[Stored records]
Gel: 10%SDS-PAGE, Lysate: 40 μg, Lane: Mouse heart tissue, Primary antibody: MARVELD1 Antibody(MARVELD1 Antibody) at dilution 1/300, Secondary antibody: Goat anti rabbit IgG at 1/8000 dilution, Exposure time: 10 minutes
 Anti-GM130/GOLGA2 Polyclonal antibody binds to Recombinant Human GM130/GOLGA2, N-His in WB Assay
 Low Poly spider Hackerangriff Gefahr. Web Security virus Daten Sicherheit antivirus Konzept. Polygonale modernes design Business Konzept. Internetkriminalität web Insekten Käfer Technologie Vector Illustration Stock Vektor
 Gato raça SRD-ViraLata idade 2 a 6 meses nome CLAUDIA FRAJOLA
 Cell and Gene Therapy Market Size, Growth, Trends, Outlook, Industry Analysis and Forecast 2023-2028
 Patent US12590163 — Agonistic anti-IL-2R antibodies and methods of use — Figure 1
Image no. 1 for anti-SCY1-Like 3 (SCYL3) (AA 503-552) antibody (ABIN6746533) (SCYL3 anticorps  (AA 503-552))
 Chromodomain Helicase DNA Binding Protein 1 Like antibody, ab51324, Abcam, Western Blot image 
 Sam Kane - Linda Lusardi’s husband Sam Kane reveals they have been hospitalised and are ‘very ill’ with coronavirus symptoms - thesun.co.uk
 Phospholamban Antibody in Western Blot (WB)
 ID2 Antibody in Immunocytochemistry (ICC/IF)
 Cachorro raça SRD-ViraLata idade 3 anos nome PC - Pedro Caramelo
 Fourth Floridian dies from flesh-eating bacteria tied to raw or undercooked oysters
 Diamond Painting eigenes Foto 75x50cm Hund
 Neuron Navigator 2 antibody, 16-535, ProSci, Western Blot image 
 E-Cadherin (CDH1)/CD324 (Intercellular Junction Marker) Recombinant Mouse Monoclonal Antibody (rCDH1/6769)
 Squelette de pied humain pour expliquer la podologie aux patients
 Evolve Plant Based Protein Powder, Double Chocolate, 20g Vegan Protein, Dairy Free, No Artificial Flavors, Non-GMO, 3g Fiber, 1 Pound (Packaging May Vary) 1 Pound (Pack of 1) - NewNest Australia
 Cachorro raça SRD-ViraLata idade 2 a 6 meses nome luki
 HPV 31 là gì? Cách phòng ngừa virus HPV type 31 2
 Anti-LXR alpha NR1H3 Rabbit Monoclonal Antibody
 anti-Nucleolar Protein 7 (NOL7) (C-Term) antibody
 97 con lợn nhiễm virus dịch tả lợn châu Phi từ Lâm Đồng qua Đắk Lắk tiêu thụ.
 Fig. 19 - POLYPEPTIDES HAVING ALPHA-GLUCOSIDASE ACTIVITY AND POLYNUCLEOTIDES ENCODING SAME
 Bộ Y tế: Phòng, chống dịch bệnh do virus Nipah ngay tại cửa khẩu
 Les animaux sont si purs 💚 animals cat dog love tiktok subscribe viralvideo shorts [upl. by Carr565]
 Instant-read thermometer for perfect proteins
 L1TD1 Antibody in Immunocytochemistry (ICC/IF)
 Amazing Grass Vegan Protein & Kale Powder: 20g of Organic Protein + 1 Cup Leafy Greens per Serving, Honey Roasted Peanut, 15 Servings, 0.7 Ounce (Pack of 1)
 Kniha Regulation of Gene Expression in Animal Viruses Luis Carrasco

TRY IT →
Reproduce the entries above exactly.

EXERCISE SOLUTION →
Gel: 10%SDS-PAGE, Lysate: 40 μg, Lane: Mouse heart tissue, Primary antibody: MARVELD1 Antibody(MARVELD1 Antibody) at dilution 1/300, Secondary antibody: Goat anti rabbit IgG at 1/8000 dilution, Exposure time: 10 minutes
 Anti-GM130/GOLGA2 Polyclonal antibody binds to Recombinant Human GM130/GOLGA2, N-His in WB Assay
 Low Poly spider Hackerangriff Gefahr. Web Security virus Daten Sicherheit antivirus Konzept. Polygonale modernes design Business Konzept. Internetkriminalität web Insekten Käfer Technologie Vector Illustration Stock Vektor
 Gato raça SRD-ViraLata idade 2 a 6 meses nome CLAUDIA FRAJOLA
 Cell and Gene Therapy Market Size, Growth, Trends, Outlook, Industry Analysis and Forecast 2023-2028
 Patent US12590163 — Agonistic anti-IL-2R antibodies and methods of use — Figure 1
Image no. 1 for anti-SCY1-Like 3 (SCYL3) (AA 503-552) antibody (ABIN6746533) (SCYL3 anticorps  (AA 503-552))
 Chromodomain Helicase DNA Binding Protein 1 Like antibody, ab51324, Abcam, Western Blot image 
 Sam Kane - Linda Lusardi’s husband Sam Kane reveals they have been hospitalised and are ‘very ill’ with coronavirus symptoms - thesun.co.uk
 Phospholamban Antibody in Western Blot (WB)
 ID2 Antibody in Immunocytochemistry (ICC/IF)
 Cachorro raça SRD-ViraLata idade 3 anos nome PC - Pedro Caramelo
 Fourth Floridian dies from flesh-eating bacteria tied to raw or undercooked oysters
 Diamond Painting eigenes Foto 75x50cm Hund
 Neuron Navigator 2 antibody, 16-535, ProSci, Western Blot image 
 E-Cadherin (CDH1)/CD324 (Intercellular Junction Marker) Recombinant Mouse Monoclonal Antibody (rCDH1/6769)
 Squelette de pied humain pour expliquer la podologie aux patients
 Evolve Plant Based Protein Powder, Double Chocolate, 20g Vegan Protein, Dairy Free, No Artificial Flavors, Non-GMO, 3g Fiber, 1 Pound (Packaging May Vary) 1 Pound (Pack of 1) - NewNest Australia
 Cachorro raça SRD-ViraLata idade 2 a 6 meses nome luki
 HPV 31 là gì? Cách phòng ngừa virus HPV type 31 2
 Anti-LXR alpha NR1H3 Rabbit Monoclonal Antibody
 anti-Nucleolar Protein 7 (NOL7) (C-Term) antibody
 97 con lợn nhiễm virus dịch tả lợn châu Phi từ Lâm Đồng qua Đắk Lắk tiêu thụ.
 Fig. 19 - POLYPEPTIDES HAVING ALPHA-GLUCOSIDASE ACTIVITY AND POLYNUCLEOTIDES ENCODING SAME
 Bộ Y tế: Phòng, chống dịch bệnh do virus Nipah ngay tại cửa khẩu
 Les animaux sont si purs 💚 animals cat dog love tiktok subscribe viralvideo shorts [upl. by Carr565]
 Instant-read thermometer for perfect proteins
 L1TD1 Antibody in Immunocytochemistry (ICC/IF)
 Amazing Grass Vegan Protein & Kale Powder: 20g of Organic Protein + 1 Cup Leafy Greens per Serving, Honey Roasted Peanut, 15 Servings, 0.7 Ounce (Pack of 1)
 Kniha Regulation of Gene Expression in Animal Viruses Luis Carrasco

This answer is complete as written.